Right now, most researchers are working on either sensors or drug-delivery systems, but not both. "Everybody who is in this field is working toward closed-loop technology, but it's at least 10 years away," says Therafuse's Sage.

A very different kind of semiconductor drug-delivery system, the quantum dot approach, might be just as far away. Quantum dots are crystals—often of the II-VI semiconductor cadmium selenide—which, because they are mere nanometers across, retain the quantum properties of single atoms. Critical for biomedical applications, these properties include the ability to absorb and emit photons of a very specific wavelength.

In single atoms, the wavelength depends on the type of atom involved, but with quantum dots the stimulation wavelength is related to their size. Smaller dots absorb and give off a shorter wavelength—that is, the light they absorb and emit is closer to the violet end of the spectrum—whereas larger dots produce longer wavelengths closer to the red end.

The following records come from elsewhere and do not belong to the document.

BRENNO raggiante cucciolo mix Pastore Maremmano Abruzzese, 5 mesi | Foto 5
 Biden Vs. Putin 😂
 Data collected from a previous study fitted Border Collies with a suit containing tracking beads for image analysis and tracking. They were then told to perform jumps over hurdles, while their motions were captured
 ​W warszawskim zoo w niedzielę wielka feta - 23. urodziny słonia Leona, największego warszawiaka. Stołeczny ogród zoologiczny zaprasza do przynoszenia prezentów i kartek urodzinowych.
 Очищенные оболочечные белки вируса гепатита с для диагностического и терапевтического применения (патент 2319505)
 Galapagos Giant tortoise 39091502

Most of the current commercial investment in quantum dots is related to their use in computing applications and lasers. The market for quantum dot-based chemicals for biomedical research—now roughly US $720 million—has also been growing, says Stefanie Lattner, portfolio executive at the publicly funded venture capital firm Innovation Works, in Pittsburgh. But at the moment, no venture capital money is chasing drug-delivery applications, she says.

That may be because studies of the therapeutic uses of quantum dots are still mainly at the academic level. Shuming Nie, adjunct professor of biomedical engineering at Emory University in Atlanta, is one of the first researchers to investigate quantum dots as drug-delivery systems. Specifically, Nie has chemically bound the breast and prostate cancer drug Taxol to quantum dots in an effort to deliver it specifically to tumor cells, leaving the rest of the body unaffected [see illustration, "Dots Spell Doom for Tumors"].

The scheme could increase the drug's efficacy and reduce its side effects. The American Cancer Society, in Atlanta, estimates that in 2004, 15 percent of cancer deaths among U.S. women will be from breast cancer; similarly, 10 percent of cancer deaths among U.S. men will be from prostate cancer.

Nie's group started its research by studding the Taxol-bound quantum dots with a molecule that binds to folic acid receptors, which are present on tumor cells at concentrations roughly 1000 times those found on normal cells. The receptor-targeting molecule allows the nanoparticles to home in preferentially on cancer cells. In work published in August, the Emory scientists got even better results using antibodies against prostate cancer cells rather than folic acid binders.

Nie and his co-workers injected the Taxol-coated nanoparticles into mice that had been surgically implanted with human prostate tumors. After the injections, they illuminated the mice with infrared light, which penetrates into their tissues and excites the quantum dots [see photo, "Diagnosis by Dot"]. As the energy states of the dots fall back, they emit energy sufficient to cleave the bonds between the Taxol and the particles, releasing the drug to attack tumor cells. "We have evidence that our quantum dot conjugates can get into cancer cells and kill them," says Nie.

He acknowledges that the approach will be more difficult for human patients, whose bodies are thicker than that of the average mouse. Infrared light will penetrate only a few centimeters into living tissues. "I don't think there's any hope for this in treating cancers of the internal organs," says Nie, "but it might work for [the skin cancer] melanoma or for breast cancer."